WORK ORDER: Take the material below and output exactly the run of lines from the one containing "S&W SHLAX&WING 5-Piece" down to the one containing "Multi Purpose Plastic", with both included.

THE DATA:
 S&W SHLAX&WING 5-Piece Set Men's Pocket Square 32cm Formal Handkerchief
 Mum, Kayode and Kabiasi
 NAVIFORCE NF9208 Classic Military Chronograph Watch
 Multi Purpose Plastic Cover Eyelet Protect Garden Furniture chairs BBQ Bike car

...

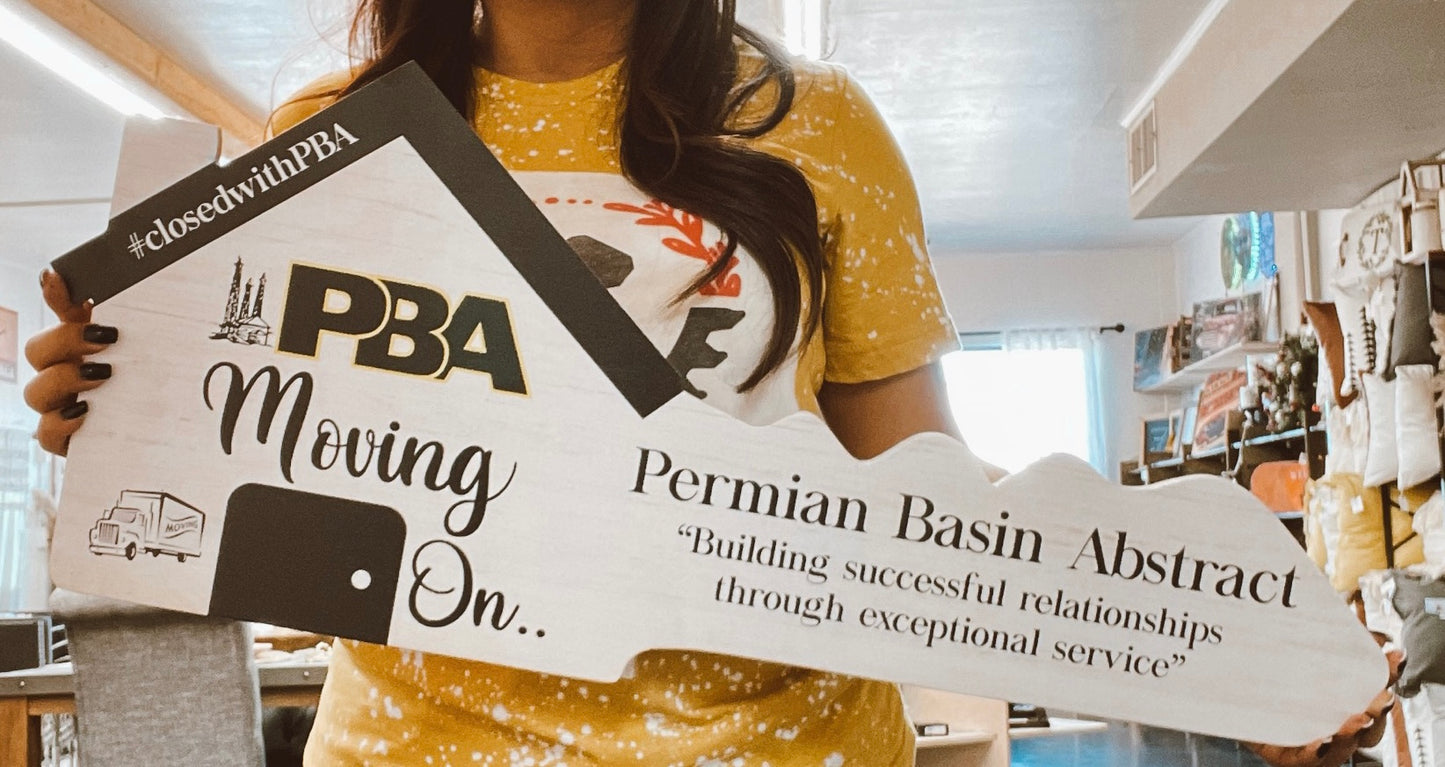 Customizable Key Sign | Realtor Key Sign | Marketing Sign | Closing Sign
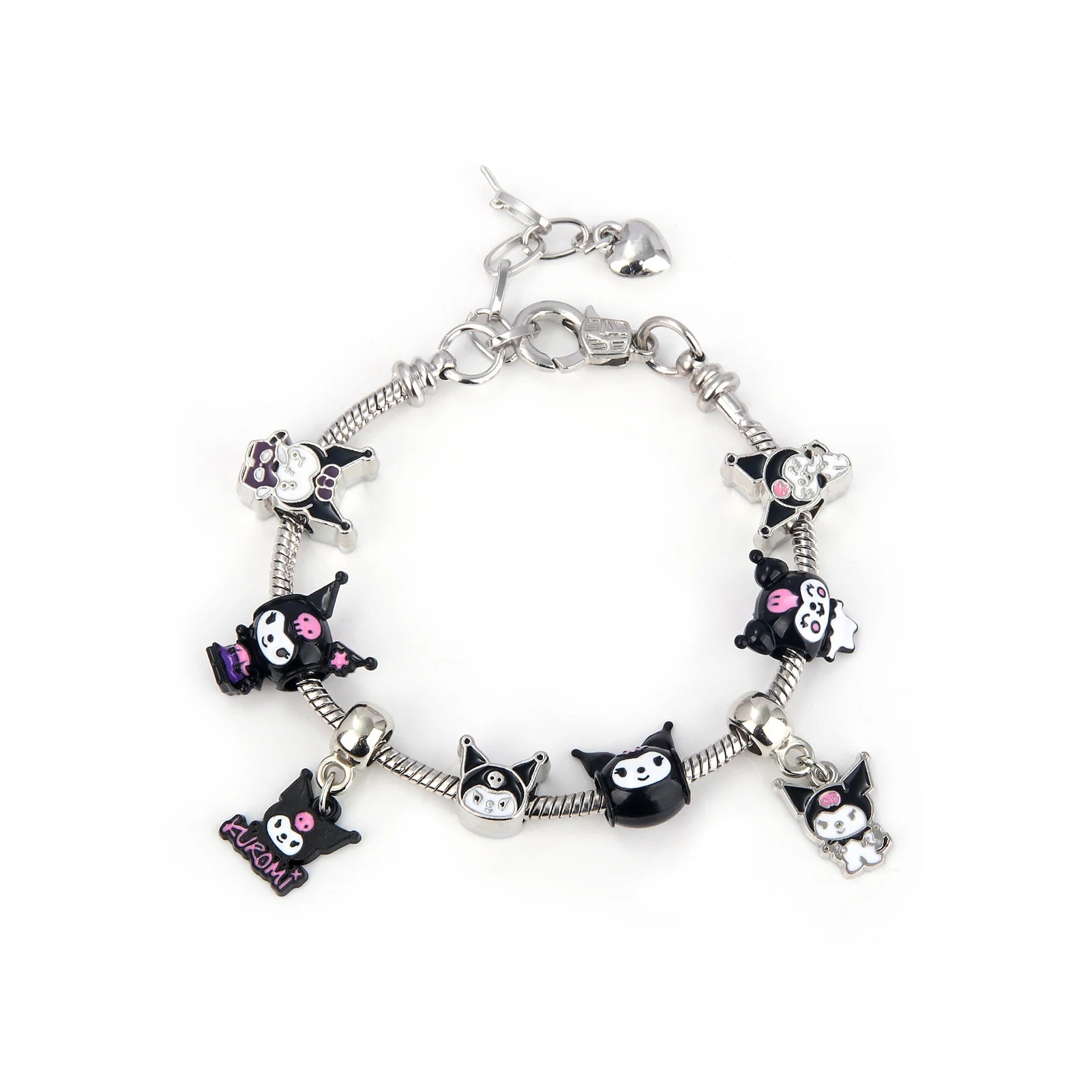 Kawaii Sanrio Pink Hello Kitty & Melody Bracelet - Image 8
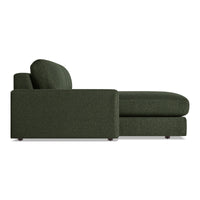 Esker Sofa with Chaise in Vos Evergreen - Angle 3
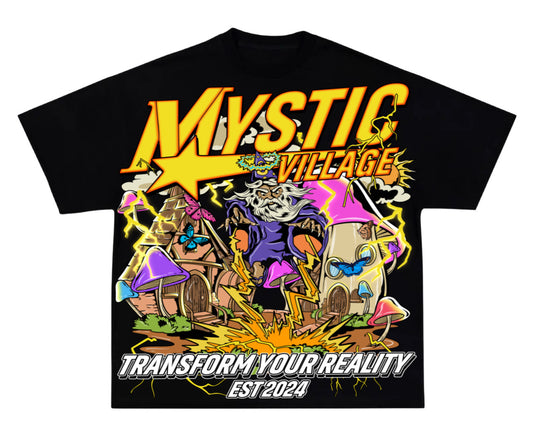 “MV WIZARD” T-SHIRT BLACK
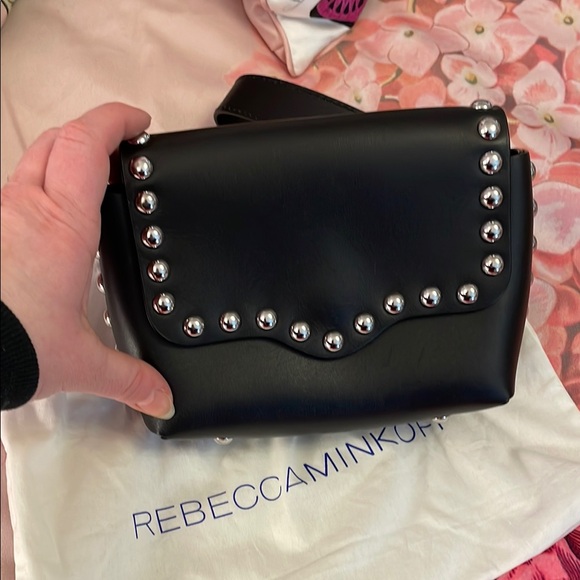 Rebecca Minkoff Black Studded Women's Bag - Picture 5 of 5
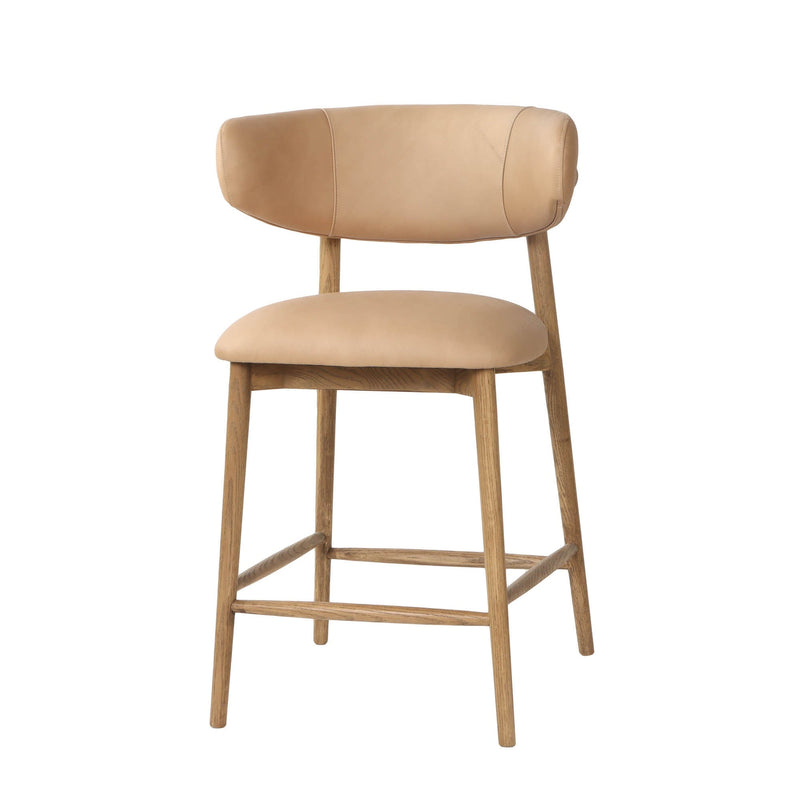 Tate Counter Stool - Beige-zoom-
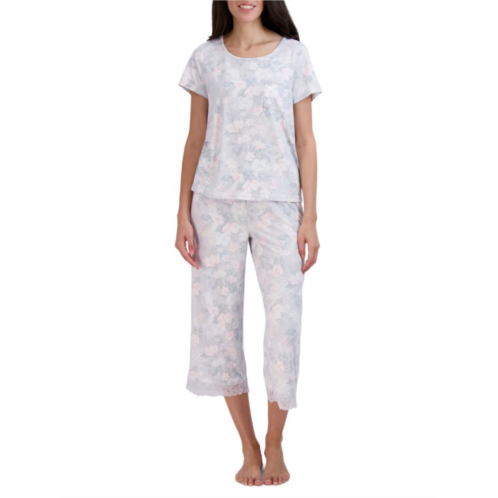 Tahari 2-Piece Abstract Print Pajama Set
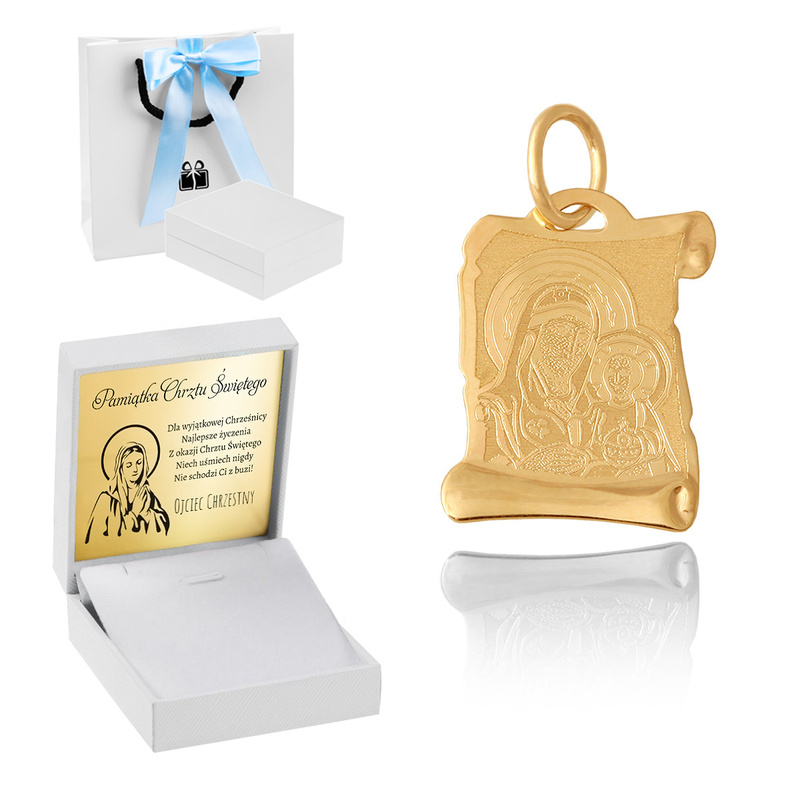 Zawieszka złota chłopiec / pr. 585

==

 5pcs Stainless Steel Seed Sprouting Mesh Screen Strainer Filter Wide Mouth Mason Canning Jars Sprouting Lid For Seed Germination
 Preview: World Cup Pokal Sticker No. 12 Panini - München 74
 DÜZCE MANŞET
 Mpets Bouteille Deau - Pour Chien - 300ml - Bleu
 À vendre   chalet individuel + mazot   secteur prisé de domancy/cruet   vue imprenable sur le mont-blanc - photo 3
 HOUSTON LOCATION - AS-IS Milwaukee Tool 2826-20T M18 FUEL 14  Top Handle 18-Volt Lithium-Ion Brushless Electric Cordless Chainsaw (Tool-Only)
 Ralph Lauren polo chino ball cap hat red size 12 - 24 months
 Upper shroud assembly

SOLUTION FOR THIS EXERCISE:
 S&W SHLAX&WING 5-Piece Set Men's Pocket Square 32cm Formal Handkerchief
 Mum, Kayode and Kabiasi
 NAVIFORCE NF9208 Classic Military Chronograph Watch
 Multi Purpose Plastic Cover Eyelet Protect Garden Furniture chairs BBQ Bike car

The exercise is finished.